When I looked at the calendar today, I realized that it’s been exactly 2 months since my husband Chris and I left California to move to Texas.
In many respects it’s been an overwhelming two months, make that four months. Once we made the decision to move, we contacted our realtor and got the house ready to put on the market. In an answer to prayer our home sold quickly and following a short escrow we were on our way to Texas.
Leaving California was a hard thing to do. Hard because we left family, friends and our church, Kindred Community Church. We left a home that we loved and the state with an abundance of blessings. A place where the weather is nice most of the time and you can be at the beach, desert and mountains in just a short time away. It was hard to leave, but we both felt the Lord was leading us to move.
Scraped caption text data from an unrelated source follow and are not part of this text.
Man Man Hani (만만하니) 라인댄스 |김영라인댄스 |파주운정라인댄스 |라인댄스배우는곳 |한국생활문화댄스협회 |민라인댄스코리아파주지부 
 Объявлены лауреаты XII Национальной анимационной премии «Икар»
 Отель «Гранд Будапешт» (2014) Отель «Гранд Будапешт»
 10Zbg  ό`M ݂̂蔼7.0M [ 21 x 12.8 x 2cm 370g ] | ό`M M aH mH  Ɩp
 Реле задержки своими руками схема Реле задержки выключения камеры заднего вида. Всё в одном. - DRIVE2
I’m so grateful that I didn’t know just how hard this would be…if I had known, I might have stayed put. Thankfully, the Lord has walked with us through this each and every day.
Oh my goodness…I can scarcely believe the 1,500 mile drive with cars fully loaded with 3 cats, 2 birds and enough of our belongs to help us get through our time in temporary housing. When we arrived we got settled in temporary housing, shortly thereafter we started our search for a new home.
In less than two weeks we found a home to purchase in a city we hadn’t really previously considered. The Lord was with us as we went through and extended escrow period and all the demands required from the mortgage company with our limited access to documents and records.
On October 31st, we moved into our new home. Boxes are scattered hither and yon and begging to be emptied and have things put away. As much stuff as we gave away and threw away before we moved, I wish we had gotten rid of more stuff. I didn’t realize how much stuff we had until we moved.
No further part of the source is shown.